WHAT THIS TASK INVOLVES =>
Your copy of the listing must be exact and must hold no images.

INFORMATION SHOWN =>
════════

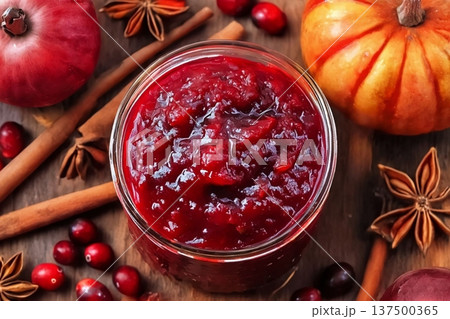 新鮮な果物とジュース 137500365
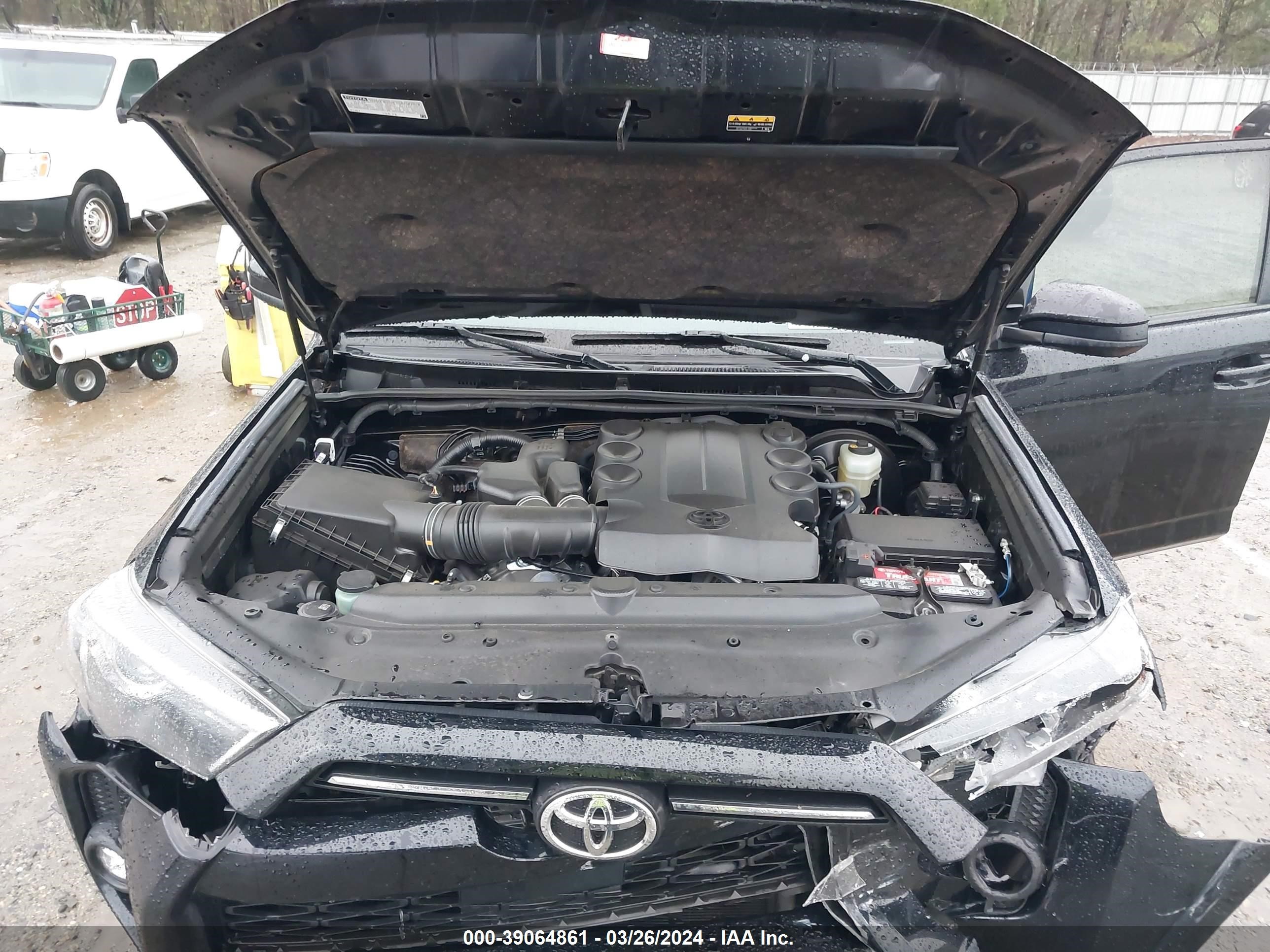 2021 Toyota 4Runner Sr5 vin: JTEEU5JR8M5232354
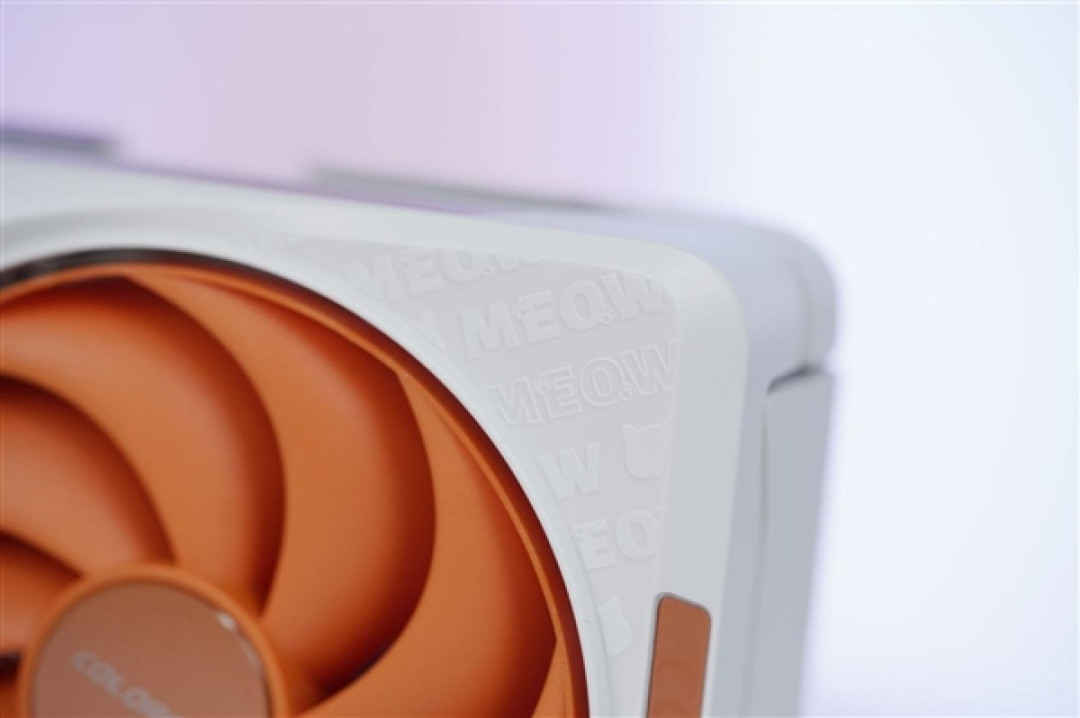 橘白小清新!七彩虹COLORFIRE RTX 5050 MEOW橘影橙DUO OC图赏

════════

SOLUTION TO THE PROBLEM =>
 新鮮な果物とジュース 137500365
 2021 Toyota 4Runner Sr5 vin: JTEEU5JR8M5232354
 橘白小清新!七彩虹COLORFIRE RTX 5050 MEOW橘影橙DUO OC图赏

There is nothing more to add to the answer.